Dr Paul Sacher, Founder of Sacher AI, was invited to participate in the workshop as an expert contributor based on his experience developing and evaluating patient facing conversational AI systems. His work spans both academic research and real world deployment of AI in healthcare settings, with a particular focus on clinical and behavioural safety in human AI interactions.
The AI Airlock is the MHRA’s first regulatory sandbox. It is designed to work alongside developers to better understand emerging AI as a Medical Device (AIaMD) technologies and help address regulatory challenges in a responsible, patient centred way.
The programme is currently in its second phase, working with seven AIaMD developers.
Two companies from the cohort took part in the workshop. TORTUS demonstrated its clinician facing AI system designed to support clinical documentation, while Numan presented its digital health platform delivering remote patient care.
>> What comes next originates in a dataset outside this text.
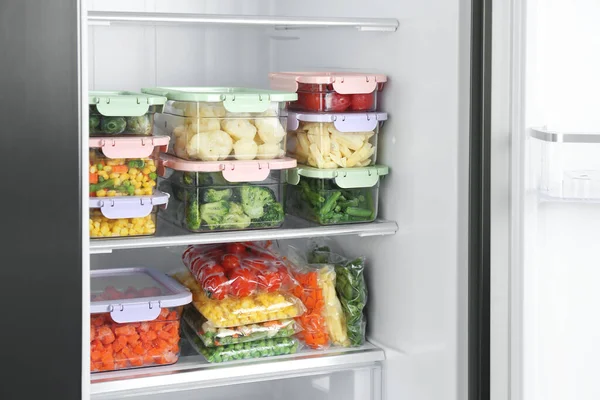 Πλαστικές Σακούλες Και Δοχεία Διαφορετικά Κατεψυγμένα Λαχανικά Στο Ψυγείο — Φωτογραφία Αρχείου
These demonstrations helped ground the discussion in real product scenarios and practical regulatory questions.
A central theme of the discussion was intended use. In medical device regulation, intended use determines whether a system qualifies as a medical device, how it is classified, what evidence is required, and how it must be monitored once deployed.
For AI systems, particularly large language model based conversational systems, intended use is rarely static.
Products evolve. Features expand. Systems become integrated into clinical workflows. Outputs begin to influence users, clinicians, or treatment decisions in new ways.
A system that initially sits within the wellness category can gradually cross into medical device territory, sometimes without a single clear moment where that shift occurs.
Another major focus of the workshop was post market surveillance.
Regulators increasingly expect companies to demonstrate how they monitor their AI systems once deployed and how they identify, track, and respond to risks over time. This responsibility extends across the full product lifecycle.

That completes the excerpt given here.